The problem
When you transcribe the listing, keep each line exact and drop the pictures.

● ● ● ● ●

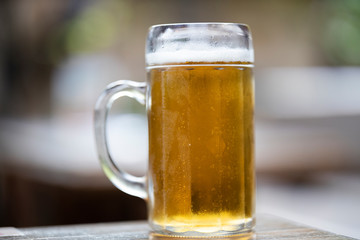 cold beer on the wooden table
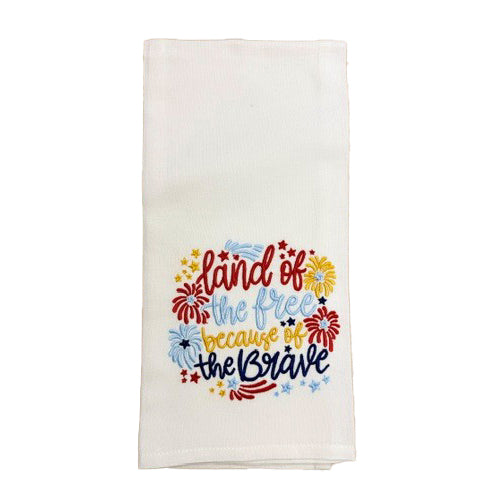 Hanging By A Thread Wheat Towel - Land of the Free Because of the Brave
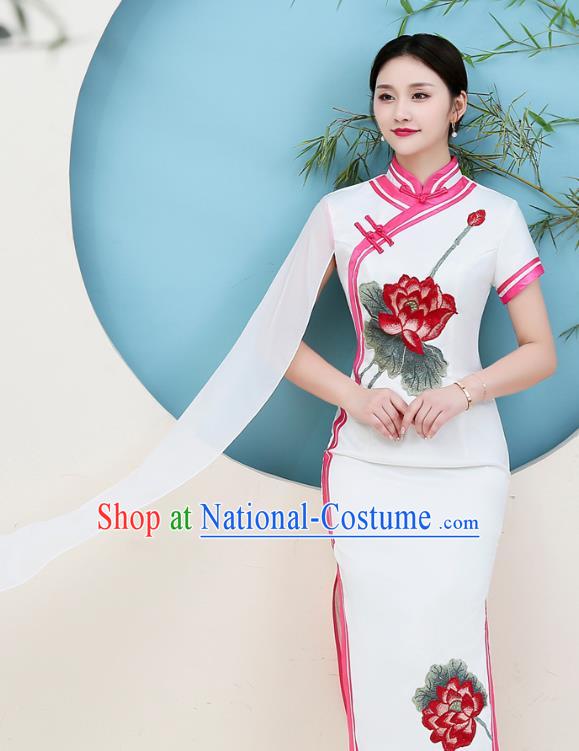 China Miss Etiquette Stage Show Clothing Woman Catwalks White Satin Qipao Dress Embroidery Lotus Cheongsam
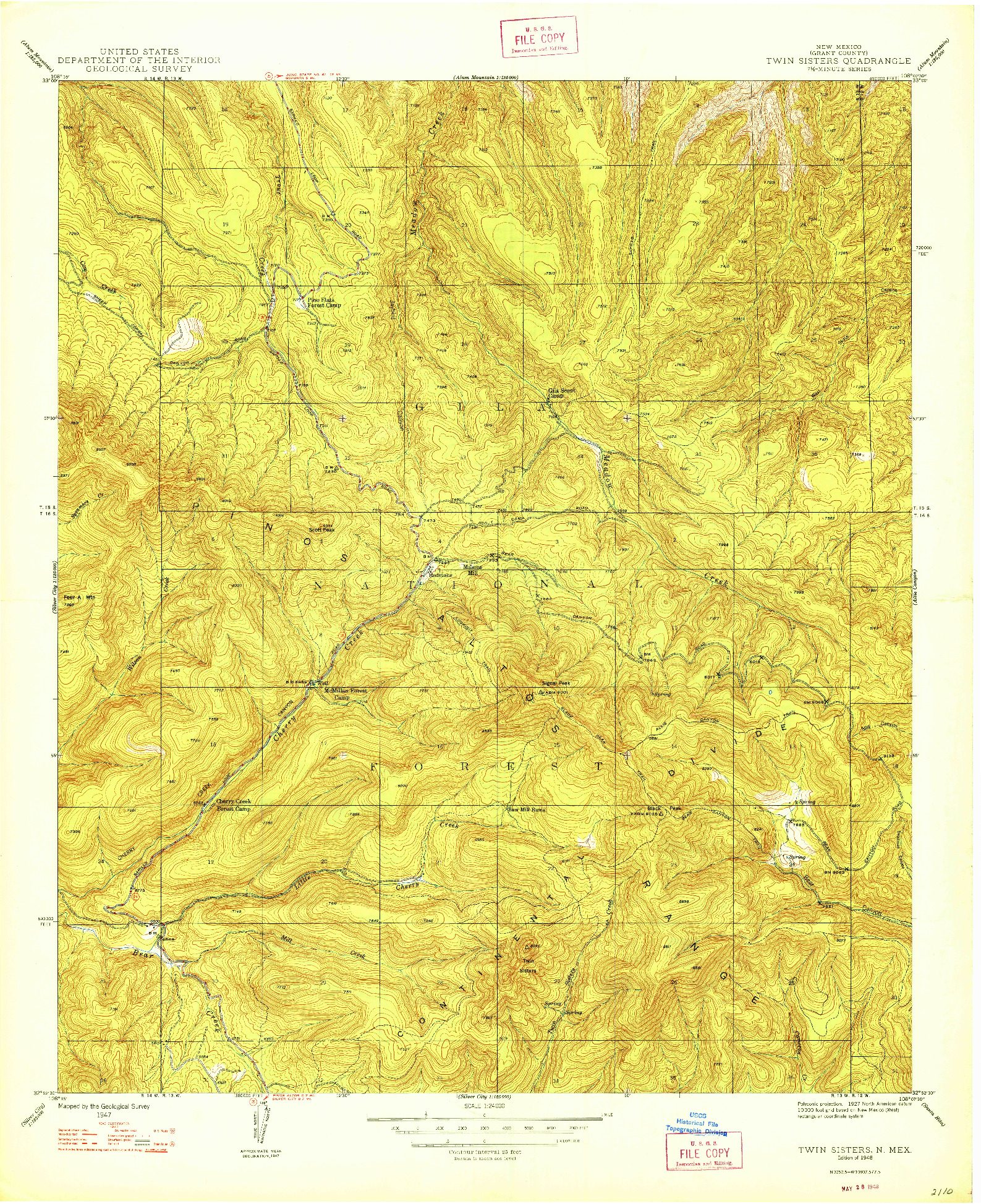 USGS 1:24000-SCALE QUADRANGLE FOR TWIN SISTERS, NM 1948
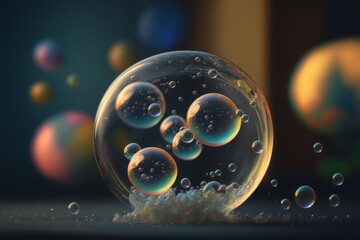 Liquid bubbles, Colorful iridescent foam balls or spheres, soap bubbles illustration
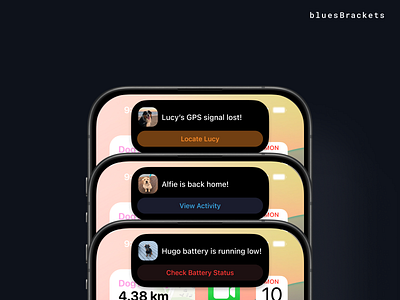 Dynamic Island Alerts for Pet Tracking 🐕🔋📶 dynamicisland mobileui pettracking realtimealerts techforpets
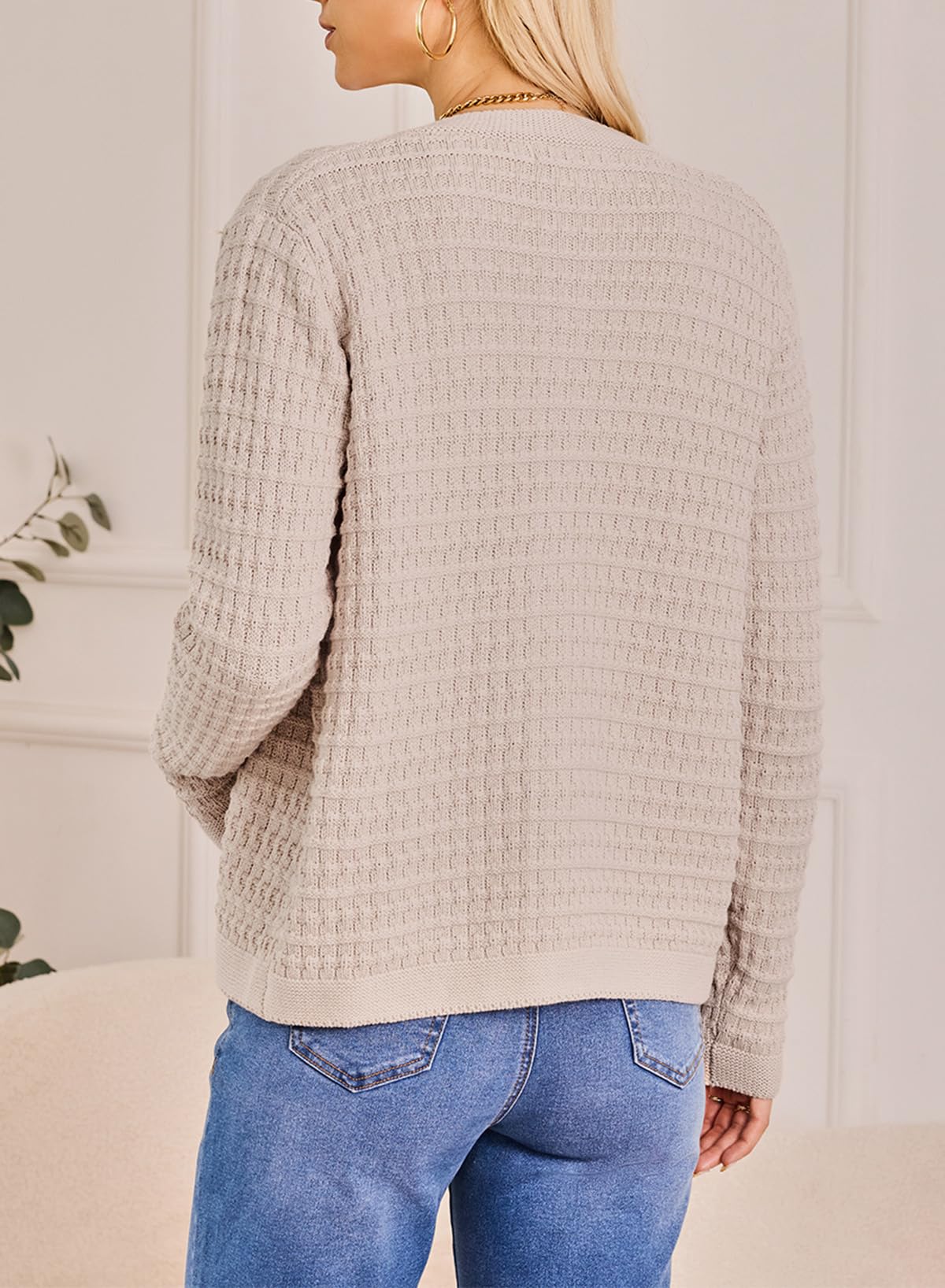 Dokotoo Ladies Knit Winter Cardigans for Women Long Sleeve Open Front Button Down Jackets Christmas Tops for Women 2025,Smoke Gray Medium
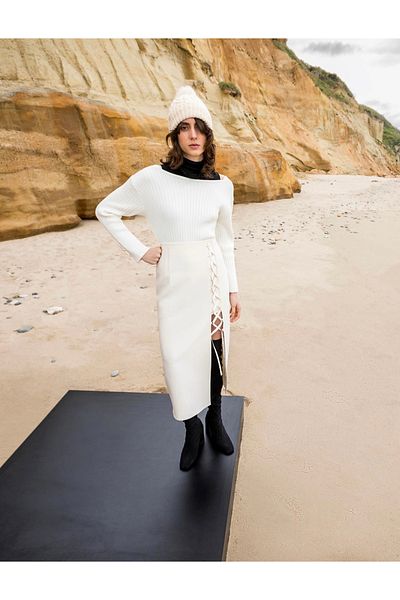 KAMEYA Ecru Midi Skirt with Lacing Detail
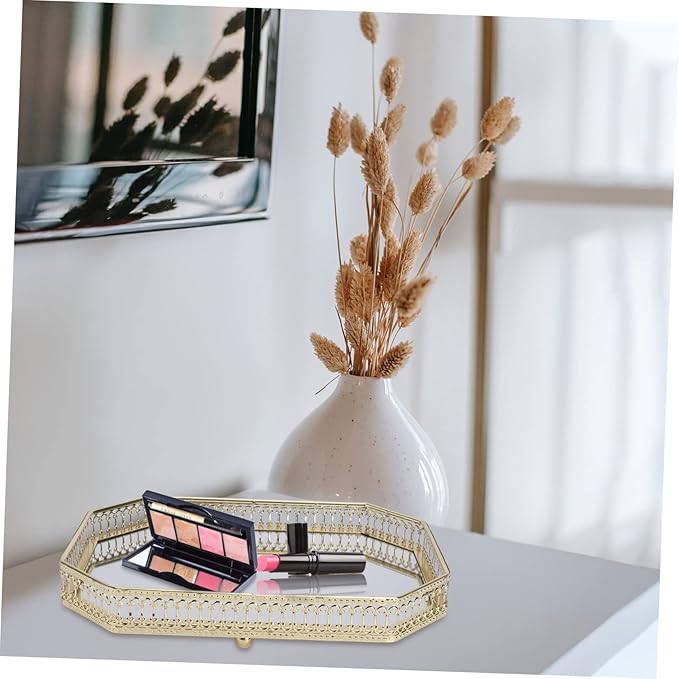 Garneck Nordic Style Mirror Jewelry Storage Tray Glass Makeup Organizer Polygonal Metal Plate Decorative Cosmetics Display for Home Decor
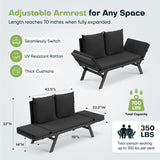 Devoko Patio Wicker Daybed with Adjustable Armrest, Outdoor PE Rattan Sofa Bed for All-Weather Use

● ● ● ● ●

Written response
 cold beer on the wooden table
 Hanging By A Thread Wheat Towel - Land of the Free Because of the Brave
 China Miss Etiquette Stage Show Clothing Woman Catwalks White Satin Qipao Dress Embroidery Lotus Cheongsam
 USGS 1:24000-SCALE QUADRANGLE FOR TWIN SISTERS, NM 1948
 Liquid bubbles, Colorful iridescent foam balls or spheres, soap bubbles illustration
 Dynamic Island Alerts for Pet Tracking 🐕🔋📶 dynamicisland mobileui pettracking realtimealerts techforpets
 Dokotoo Ladies Knit Winter Cardigans for Women Long Sleeve Open Front Button Down Jackets Christmas Tops for Women 2025,Smoke Gray Medium
 KAMEYA Ecru Midi Skirt with Lacing Detail
 Garneck Nordic Style Mirror Jewelry Storage Tray Glass Makeup Organizer Polygonal Metal Plate Decorative Cosmetics Display for Home Decor
 Devoko Patio Wicker Daybed with Adjustable Armrest, Outdoor PE Rattan Sofa Bed for All-Weather Use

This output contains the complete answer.